DATA BELOW =
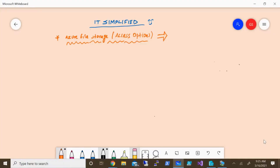Hello friends, welcome to the channel IT Simplified. In today's video on Azure, we'll see how to access Azure File Storage and what are the different options available. Azure Files are under Azure Storage, so it's a platform as a service and highly scalable. The hierarchy is that when you create a storage account, you create a file share, and then you can have files in that.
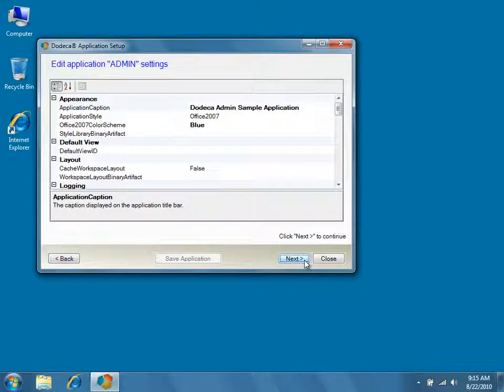We don't need to update any of the application settings at this time, so click Next to continue, and note that these can be changed later at any time from within Dodeca.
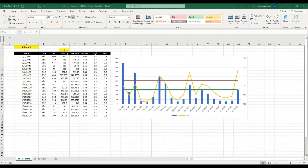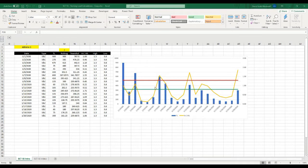Welcome back to Strength Coach Tutorials. In today's tutorial we're going to continue from the last video where we were doing some load calculations, and we're going to add an acute chronic workload ratio as well as an upper limit and lower limit bar on our graph, so that we can easily visualize our acute chronic workload ratio and see if we're staying in the desired zone.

WORK ORDER =
Give again exactly the lines from the one that contains "We don't need" through the end of the material, both ends included, omitting the pictures.

COMPLETED EXERCISE =
We don't need to update any of the application settings at this time, so click Next to continue, and note that these can be changed later at any time from within Dodeca.
Welcome back to Strength Coach Tutorials. In today's tutorial we're going to continue from the last video where we were doing some load calculations, and we're going to add an acute chronic workload ratio as well as an upper limit and lower limit bar on our graph, so that we can easily visualize our acute chronic workload ratio and see if we're staying in the desired zone.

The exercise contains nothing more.